4th Governor of Yap
- In office January 13, 2003 – January 8, 2007
- Lieutenant: Joseph Habuchimai
- Preceded by: Vincent A. Figir
- Succeeded by: Sebastian Anefal

Personal details
- Born: January 1, 1946 Yap, FSM
- Spouse: Serly Sivas Ruecho
- Children: 2
- Alma mater: University of Guam

= Robert Ruecho =

Robert Ruecho is a Micronesian politician and diplomat.
Ruecho served as the Governor of Yap, one of the four states which make up the Federated States of Micronesia (FSM), from 2003 to 2007. He became the Consul-General for FSM on neighboring Guam on October 17, 2011.
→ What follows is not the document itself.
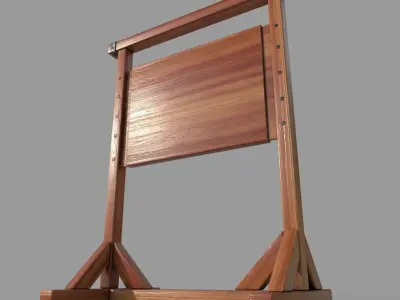 Wooden SignBoard B Low-poly 3D model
Robert Ruecho was elected Governor of Yap in the 2002 gubernatorial election and took office in 2003. His running mate in 2002 was Joseph Habuchimai, who became Yap's lieutenant governor. Ruecho was defeated for re-election by Sebastian Anefal in 2006.
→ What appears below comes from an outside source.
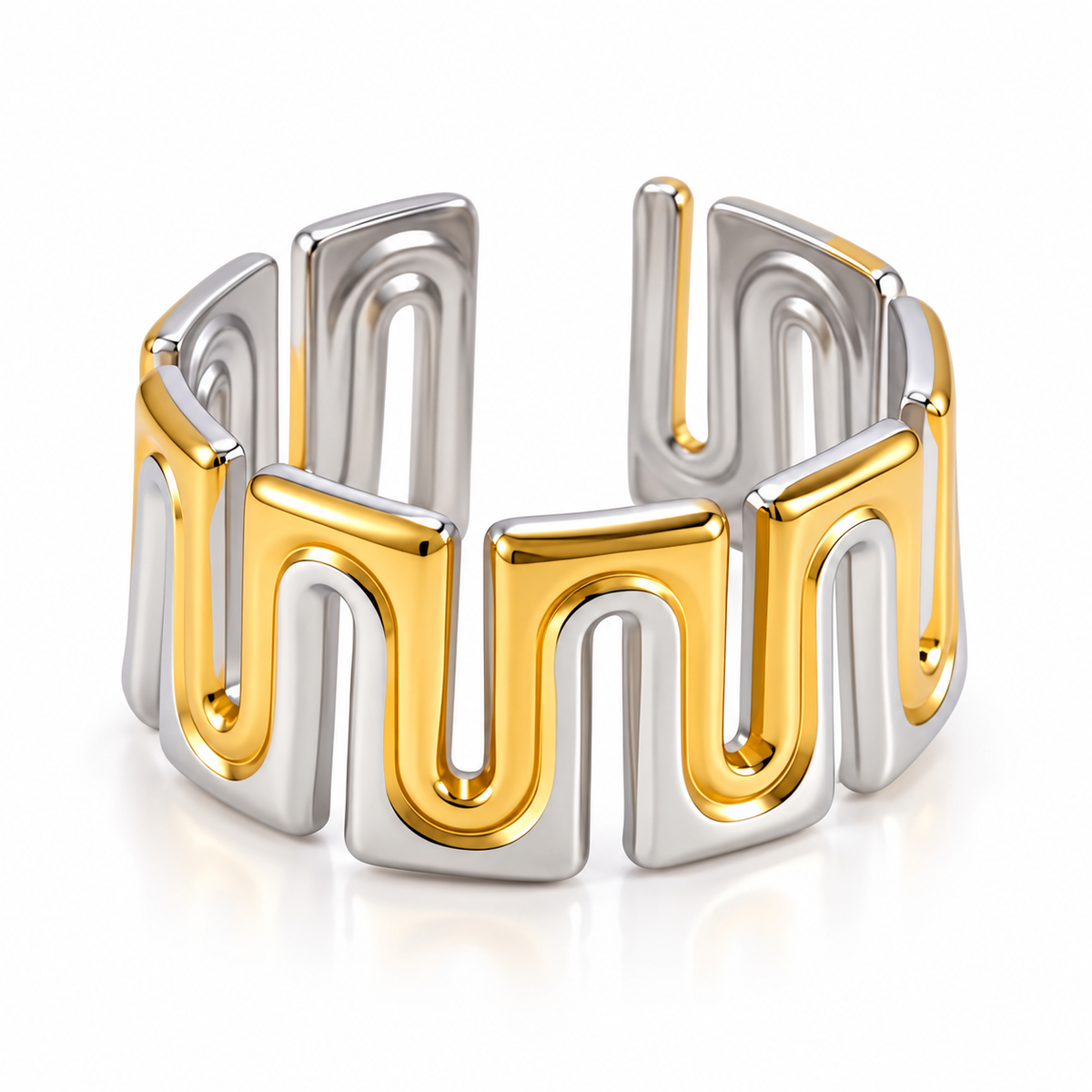 Geometric Wave Mixed Metal Ring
Ruecho moved to Guam in 2008. He served on the Advisory on Micronesian Affairs for former Guam Governor Felix Camacho.

Micronesian President Manny Mori nominated Ruecho as FSM's Consul-General to Guam in July 2011. He was chosen to replace outgoing, longtime consul-general, Gerson Jackson. Ruecho was confirmed by the FSM Congress in August 2011.
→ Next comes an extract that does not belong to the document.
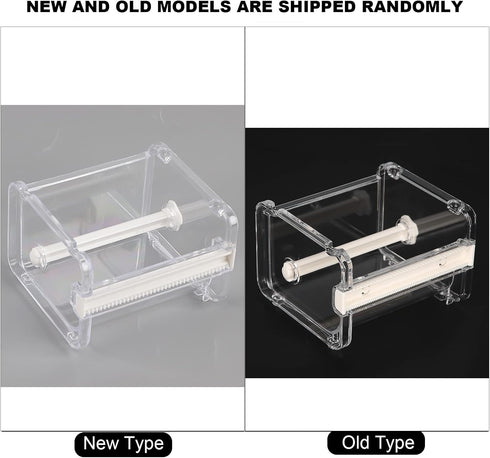 Transparent Adhesive Tape Dispenser, Desktop Washi Tape Holder with Cutter for Office (Tapes Not Included, White)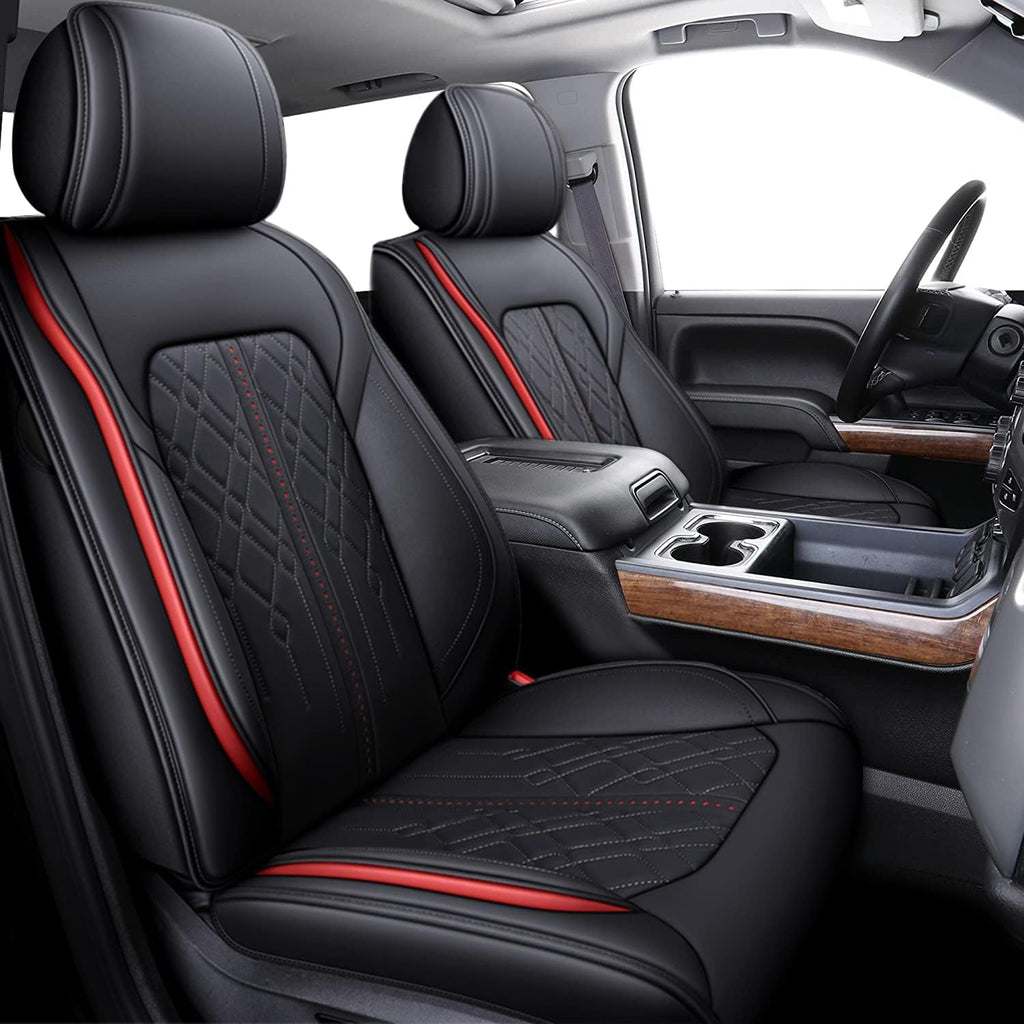 Black Waterproof Leather Full Set Car Seat Covers C895908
Ruecho sworn into office at 11:30 p.m. on October 17, 2011, at the International Trade Center in Guam by President Manny Mori. President Mori was on an official visit to Guam at the time to meet with members of the Micronesian migrant community. Ruecho's challenges include increased tensions between Guamanians and the Micronesian community over recent gang related crime on the island.